Dialogue, not rocketsNorth Korea’s intention of launching a long-range rocket could splash cold water on the warming mood between the two Koreas and renew tensions in the region. While Pyongyang insists its rocket launches are a part of its peaceful and legitimate space program, many fear they are being tested for use with an intercontinental ballistic missile. Many expect the launch to be timed with the 70th anniversary of the founding of the Workers’ Party, on Aug. 10.
If Pyongyang proceeds with the plan, it would be jeopardizing its relationship with not only Seoul, but also the rest of the world. It would be a blatant breach of the Aug. 25 inter-Korean agreement to end conflict and seek reconciliation after the marathon talks between high-level officials. Seoul must do all it can to persuade Pyongyang against the drastic move.

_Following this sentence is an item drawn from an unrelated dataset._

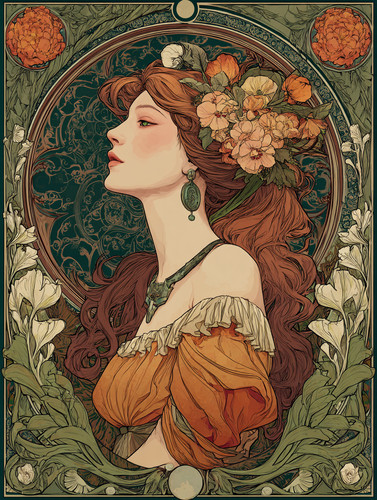 Elegant art nouveau - art,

The launch threat follows summit talks between President Park Geun-hye and Chinese President Xi Jinping on Sept. 2 in Beijing. The two leaders declared that they won’t tolerate any threat or provocation that could escalate tensions on the Korean Peninsula. North Korea would be outright challenging the international community if it defies the joint warning from Korean and Chinese leaders.
Any rocket launch is against U.N. Security Council Resolutions banning nuclear and longrange missile tests. Resolution 2094 — the fifth and most recent against North Korean nuclear and ballistic activities — was adopted unanimously by U.N. Security Council members including Russia and China and warned of strong actions if North Korea makes another provocation. Pyongyang would face harsher United Nations sanctions and international interference if it proceeds with its program. The launch also gives Seoul a reason to turn the propaganda loudspeakers back on.
If North Korea is serious about restoring its relationship with the South, it must stop the useless saber-rattling. It could become entirely isolated if it goes on crying wolf. Pyongyang may be trying to use its rockets to raise its leverage ahead of the United Nations General Assembly and longawaited reunion of families separated by the Korean War.
But dialogue, not threats, will allow Pyongyang to get what it wants. The world will be willing to help North Korea only when it genuinely tries to come out of isolation. North Korean leaders must read the international and regional conditions well and make decisions wisely.